▶ Records from a collection

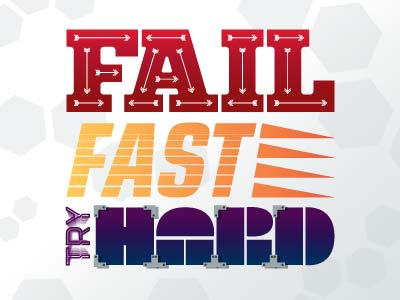 Fail Fast Try Hard edgy experimental fitness motivation motto quote type typography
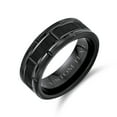thumbnail image 4 of Bling Jewelry Mens Men's Mechanic Sports Car Wide Tread Tire Band Ring Black Titanium 8MM, 4 of 4
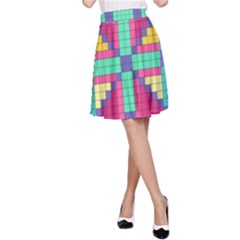 Checkerboard-squares-abstract--- A-line Skirt by Semog4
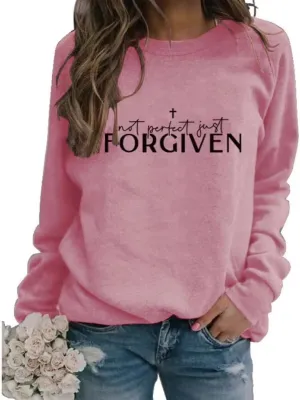 Not perfect just forgiven Christian Sweatshirt Women oversized Sweatshirt Faith Tops Long Sleeve Casual Pullover Tops Hoodies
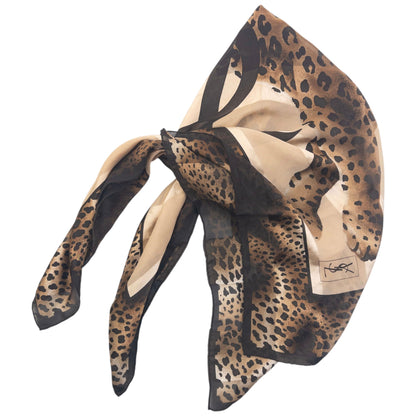 Vintage 90s YSL Yves Saint Laurent Leopard Print Silk Scarf | O/S, Beige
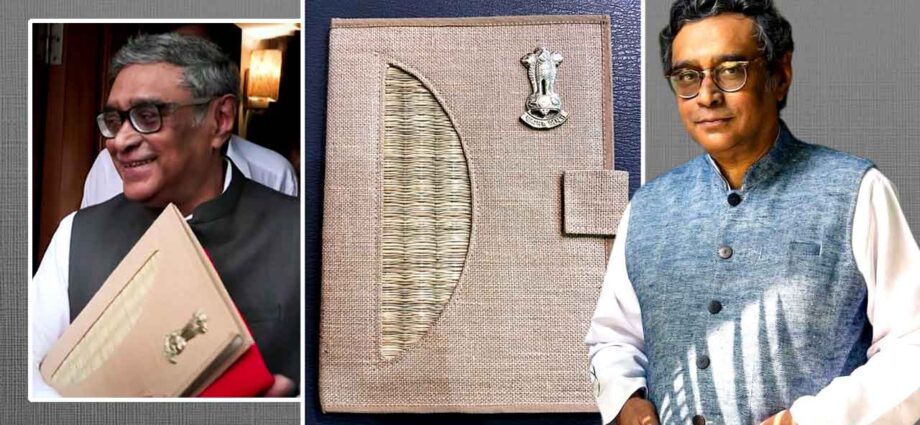 বাজেটের ফাইলে ‘মেড ইন বেঙ্গল’-এর ছোঁয়া: চট ও মাদুরকাঠির নকশায় বিধানসভায় নজর কাড়লেন অর্থমন্ত্রী স্বপন দাশগুপ্ত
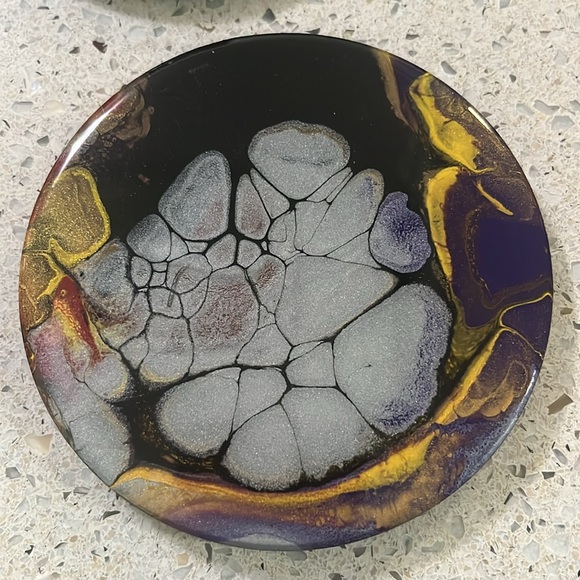 NWOT set of four ceramic handcrafted acrylic pour coasters - Picture 5 of 5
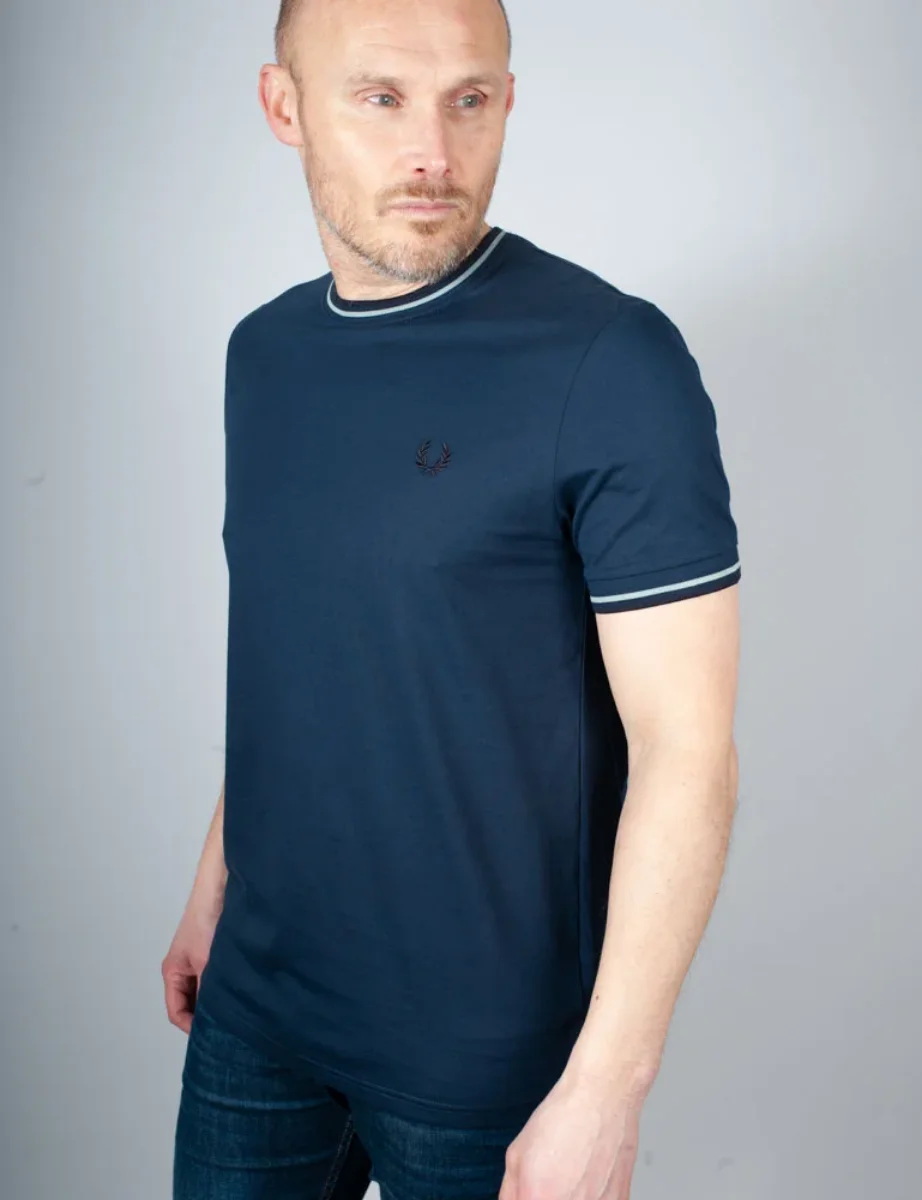 Fred Perry Twin Tipped T-shirt | Tennis Blue/ Silver Blue/ Navy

▶ TASK
Every line above has to be output exactly; the pictures must be dropped.

▶ RESULT OF THE EXERCISE
 Fail Fast Try Hard edgy experimental fitness motivation motto quote type typography
thumbnail image 4 of Bling Jewelry Mens Men's Mechanic Sports Car Wide Tread Tire Band Ring Black Titanium 8MM, 4 of 4
 Checkerboard-squares-abstract--- A-line Skirt by Semog4
 Not perfect just forgiven Christian Sweatshirt Women oversized Sweatshirt Faith Tops Long Sleeve Casual Pullover Tops Hoodies
 Vintage 90s YSL Yves Saint Laurent Leopard Print Silk Scarf | O/S, Beige
 বাজেটের ফাইলে ‘মেড ইন বেঙ্গল’-এর ছোঁয়া: চট ও মাদুরকাঠির নকশায় বিধানসভায় নজর কাড়লেন অর্থমন্ত্রী স্বপন দাশগুপ্ত
 NWOT set of four ceramic handcrafted acrylic pour coasters - Picture 5 of 5
 Fred Perry Twin Tipped T-shirt | Tennis Blue/ Silver Blue/ Navy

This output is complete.